Seminar Notes: Meeting 2 (Digging + Distancing)
Here are some ways to approach the entanglements of mediation and critique:
- Through the choice of media we study: for a given topic, what media (e.g., text, audio, images, or video) are relevant? How are media also objects of inquiry in literary and cultural criticism? To what effects on our methods (including methods that rely on computation)?
- Through how we perceive and attend to media (as objects of inquiry): in many ways, critique is embedded in questions of perception and attention (e.g., close reading, scanning, pattern analysis, re-reading, deep listening/watching).
- By rendering mediation our object of inquiry: rather than assuming that perception and attention are constants (or givens) across time and space, we can historicize or contextualize how they are structured and organized, even if we cannot perceive media like they did back then.
Responses to Galloway's "Love of the Middle"
You might argue that Galloway gives us at least five types of communication/mediation that are intricately linked to specific forms of critique:
- Exegesis as a "clear communication" (or that which is naturalized, largely agreed upon, or not questioned by critics or audiences)
- Hermeneutics as "deep communication" (or that which is privileged esptimelogically, denaturalizes, resists the superficial, often relies on an external rubric, highlights ambivalence, understands texts as problems, digs into the unconscious or history, and constructs a narrative)
- Symptomatics as "stresspoint communication" (or that which complicates exegesis and hermeneutics, resists the depth model of communication, questions expedience, underscores absence, highlights what is not said, renders normative models obsolete, and yet is also already hermeneutic)

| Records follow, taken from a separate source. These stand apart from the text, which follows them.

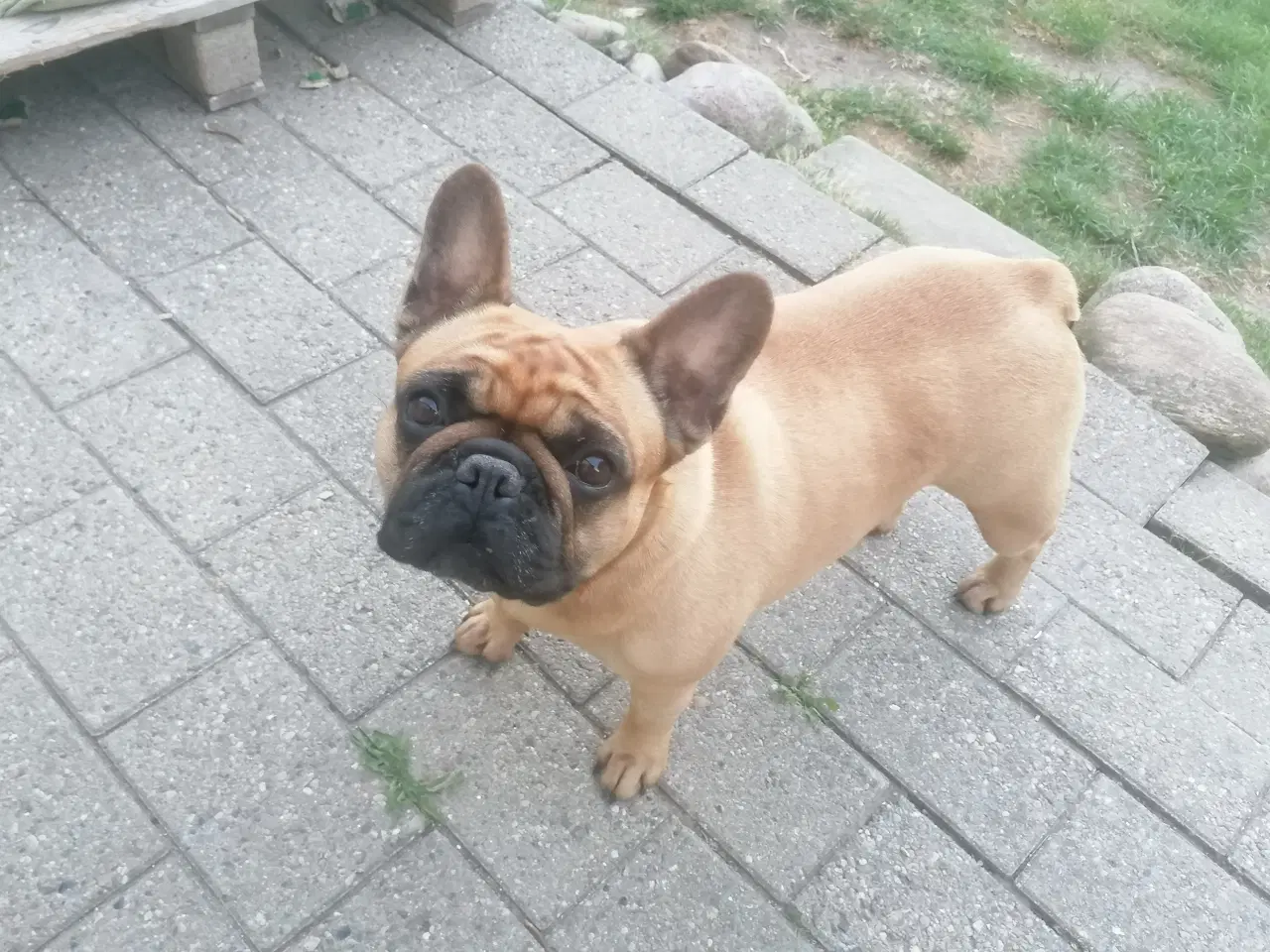 Billede 4 - Fransk bulldog - søger nyt hjem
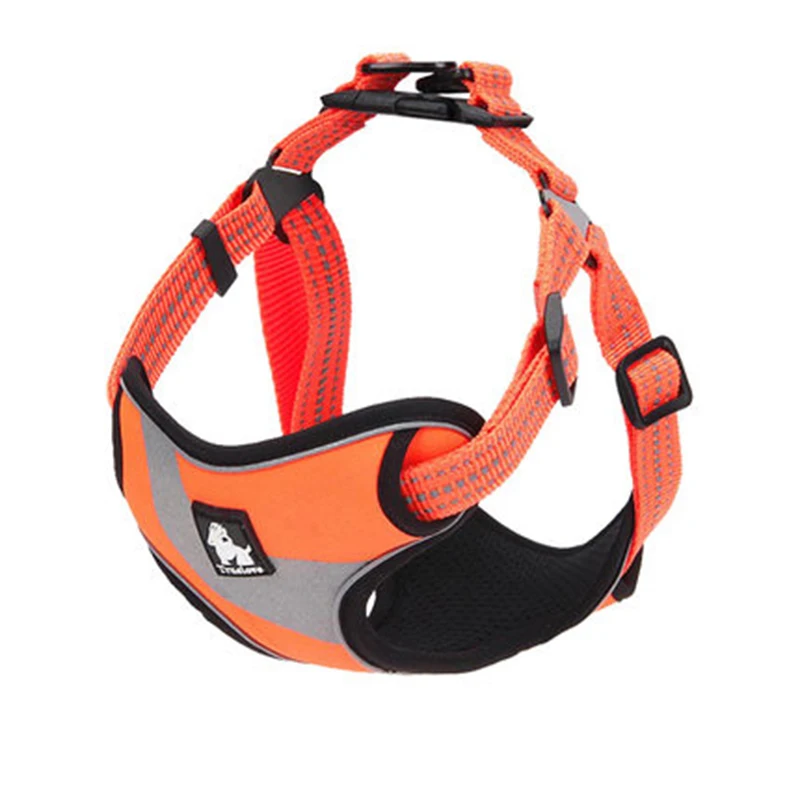 puppy collar set (2)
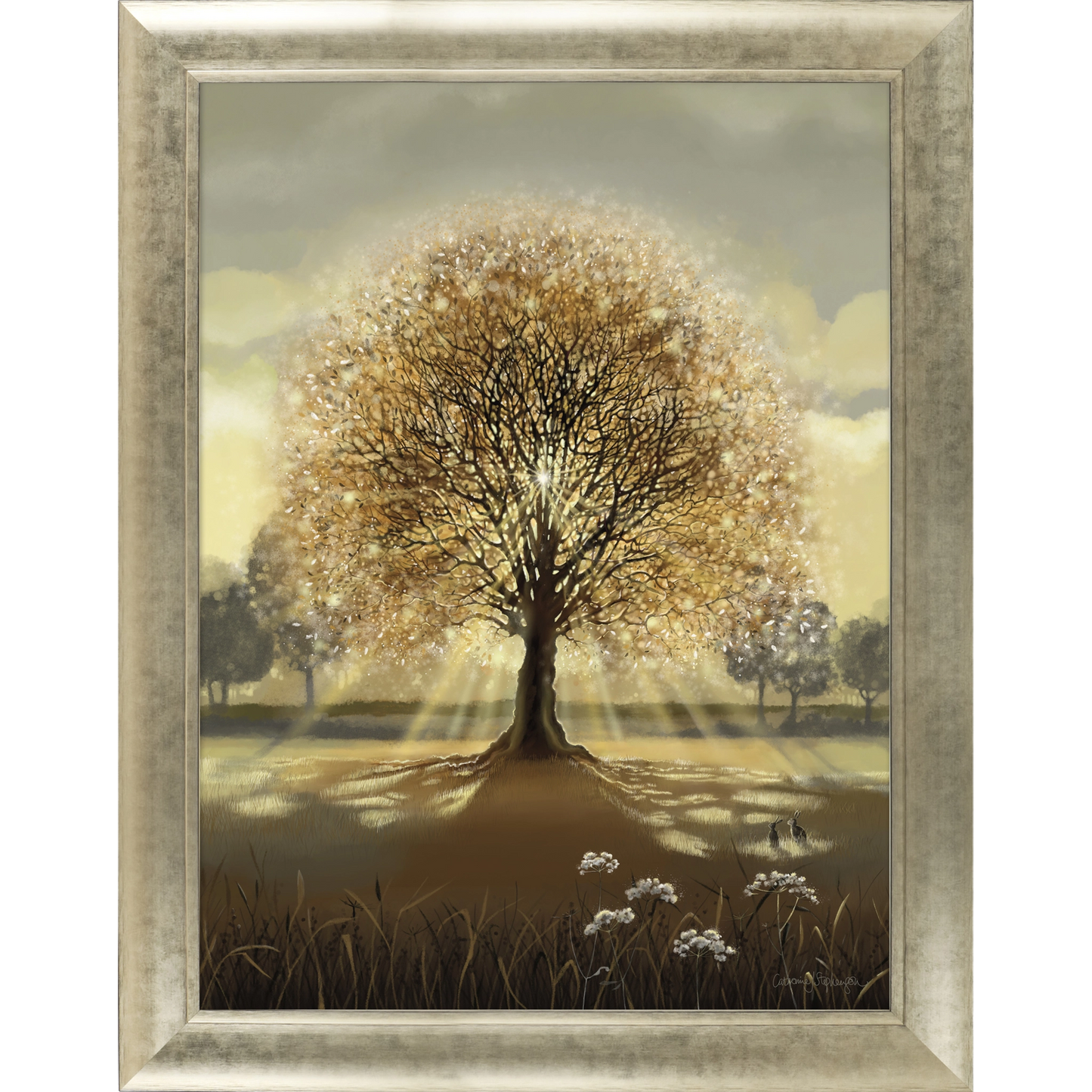 Evening Sun | Framed Print by Catherine J Stephenson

- Immanence as "iridescent communication" (or that which is privileged metaphysically, invested in aesthetics, close at hand, illuminating, and ostensibly unmotivated, immediate, and immersive)
- The network as "furious communication" (or that which bypasses deep reading and aesthetic appreciation and instead enumerates, scans, diagrams, and transforms/deforms, often through computation and machines)
Discussion
Is critique mediation all the way down? Is criticism ever immediate? Why or why not?
Has critique run out of steam?
What motivates claims for "post-critical" scholarship?
How do we think about mediation and critique together? Or how do we understand the histories of technology and literary/cultural criticism as entangled phenomena?
Can mediation even be historicized? Wouldn't such a history require some significant interpretive leaps?